Par Camille Dubruelh source: Ivoirejustice
Le Bataillon d’artillerie sol-air (BASA) était au centre des discussions, ce mardi 27 septembre. Le témoin a été longuement interrogé sur les missions, l’organisation et la hiérarchie de ce corps de l’armée de terre lors de la crise postélectorale. Il a notamment été question de son commandant, le lieutenant-colonel Dadi, «un homme fort, sûr, un homme de poigne qui aimait le travail bien fait», selon les dires du témoin. « Il n’était pas possible de (lui) montrer son désaccord », a poursuivi P-238, répondant aux questions du substitut de la procureure, « parce que c’était Dadi ». Ceux qui ne l’écoutaient pas s’exposaient à des punitions et des insultes, a encore expliqué le témoin, ajoutant qu’« il avait beaucoup d’espions » et qu’« il fallait savoir tenir sa langue ».
Quant aux relations entre le colonel Dadi et les autres chefs des forces armées, elles étaient « exécrables », explique le témoin.
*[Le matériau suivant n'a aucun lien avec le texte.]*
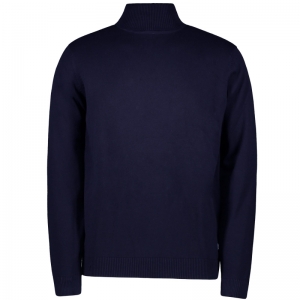Pull rolkraag. 12/navy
Le chef de corps considérait par exemple le général Detto Letto, son supérieur, comme « un vaurien ». Par contre, selon les dires de P-238, le colonel Dadi entretenait de bons rapports avec certains officiers, le capitaine Zadi du 1er Bataillon de commandos parachutistes (BCP) ou encore le général Dogbo Blé, commandant de la Garde républicaine. Il arrivait d’ailleurs au BASA de mener des opérations conjointes avec ce corps à l’époque, en particulier des missions de sécurité présidentielle, lorsque le chef de l’Etat partait en déplacement.
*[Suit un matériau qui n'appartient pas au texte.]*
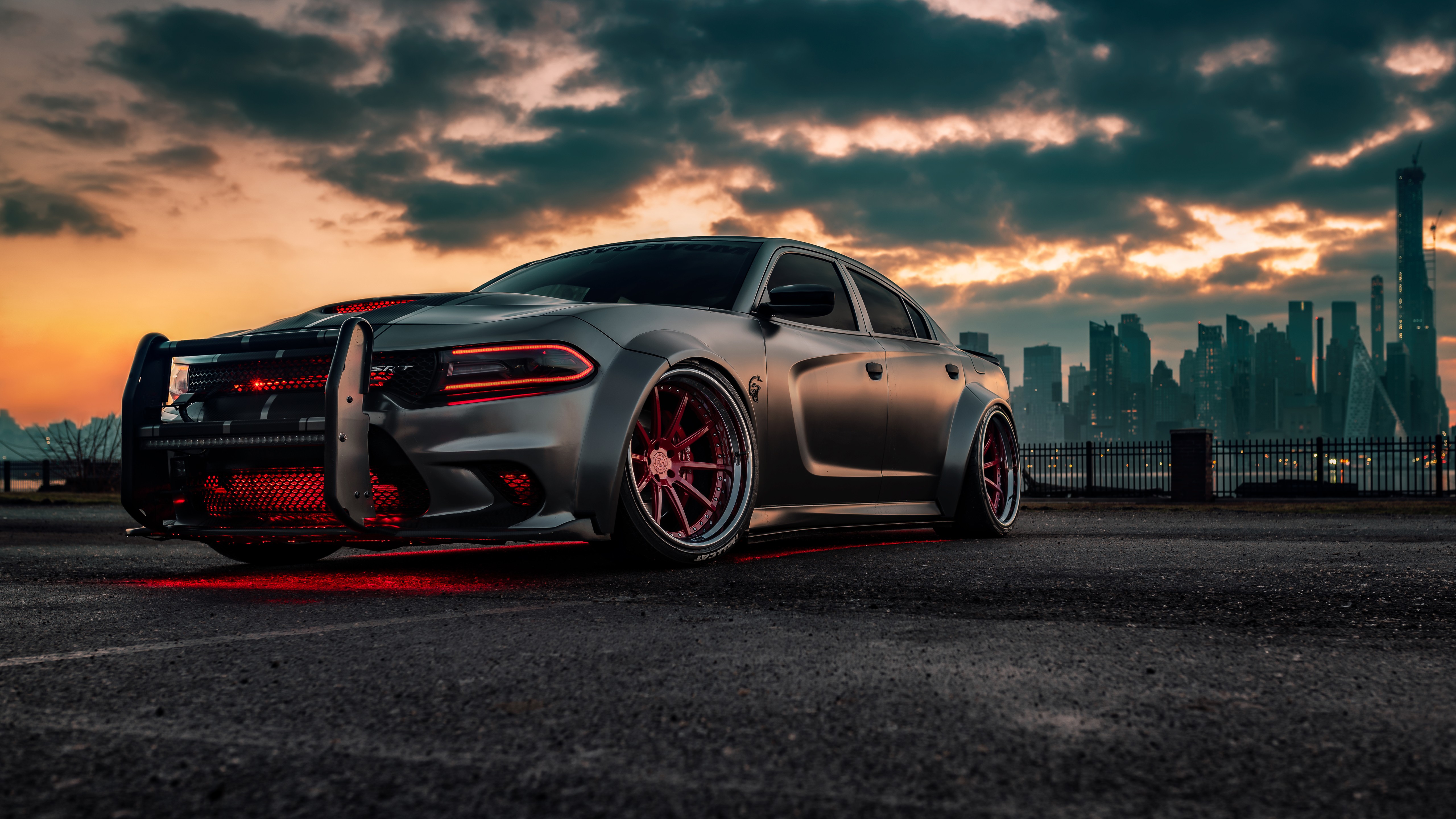 Dodge Charger Wallpaper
Des véhicules offert par la deuxième épouse de Laurent Gbagbo, après le deuxième tour des élections
Concernant l’organisation du BASA, il a ensuite été question de l’armement à sa disposition lors de la crise postélectorale, un armement conséquent selon les propos du témoin qui cite des lance-roquettes multiples et des mortiers de 120 mm. « Après le deuxième tour, on a reçu 21 véhicules supplémentaires », des 4×4, explique encore P-238, « le chef de corps a dit que c’était la seconde épouse du président (Nady Bamba ndlr) qui nous les avaient donné ». Le substitut de la procureure a voulu savoir si l’armement du BASA avait été vérifié par la mission des Nations Unies. Si celle-ci venait à l’improviste, le colonel Dadi ordonnait à ses éléments de la « bloquer à l’extérieur du camp », le temps de « dissimuler les munitions », raconte le témoin.
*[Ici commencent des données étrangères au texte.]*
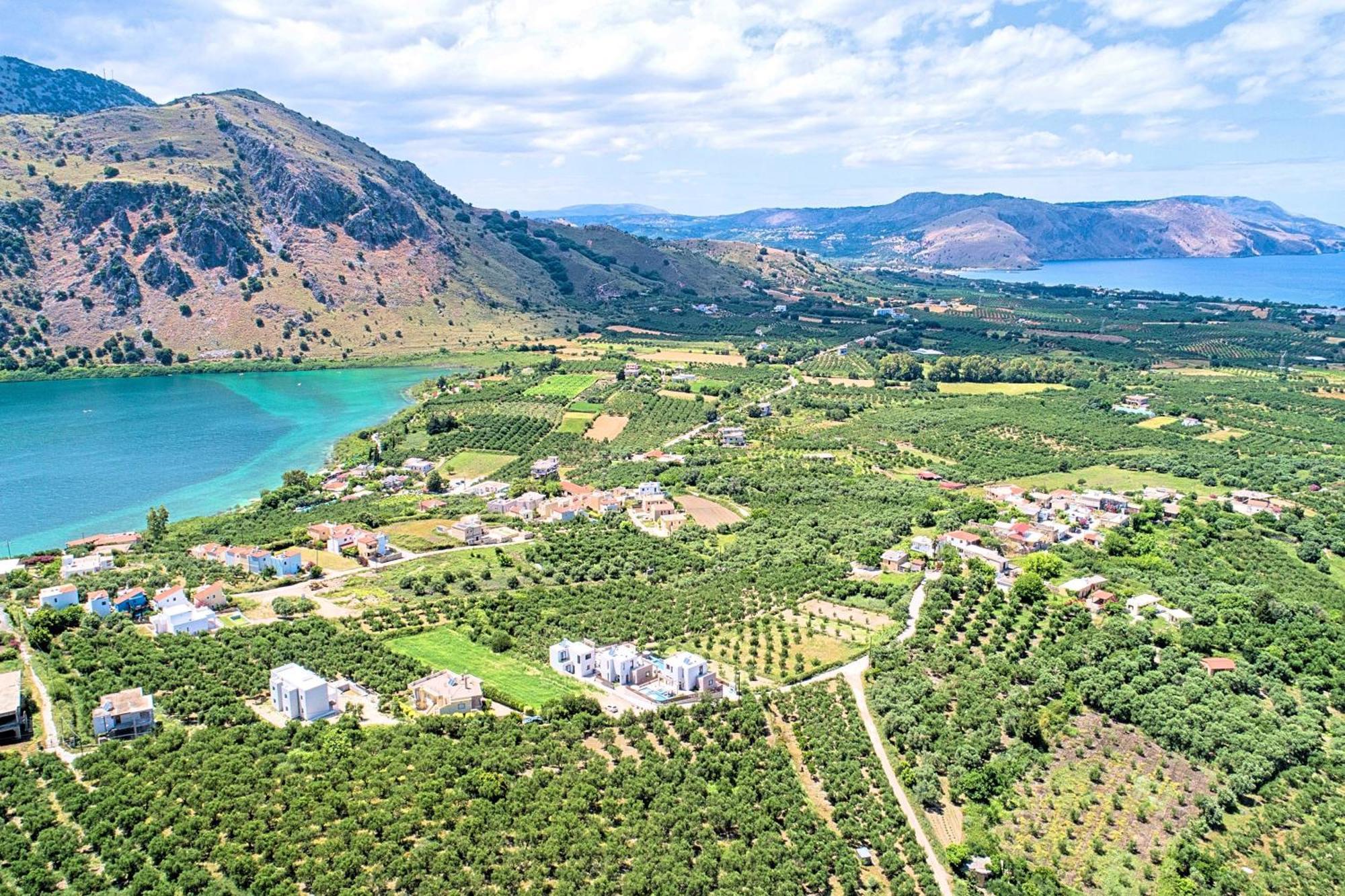 Villa Mirage By Posarellivillas Kournas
Autre sujet abordé aujourd’hui, le vote des militaires lors de l’élection présidentielle. « A-t-on tenté de vous influencer pour voter pour l’un ou l’autre des candidats ? », a voulu savoir Eric MacDonald. « Nous n’avions pas le choix, on nous avait dit pour qui il fallait voter », affirme le témoin, racontant comment cela s’était passé. Avant le second tour, tous les éléments des forces terrestres avaient été convoqués par le général Philippe Mangou, ancien chef d’état-major, à l’ancien camp Akouédo. Celui-ci s’était adressé aux militaires, les exhortant à « faire le bon choix » et de « montrer (leur) attachement au président par les urnes en votant massivement ». Un message relayé à plusieurs reprises par le colonel Dadi à ses hommes et assorti de mises en gardes. « Pour garder nos postes, il fallait voter pour le président (Laurent Gbagbo ndlr) », assure P-238.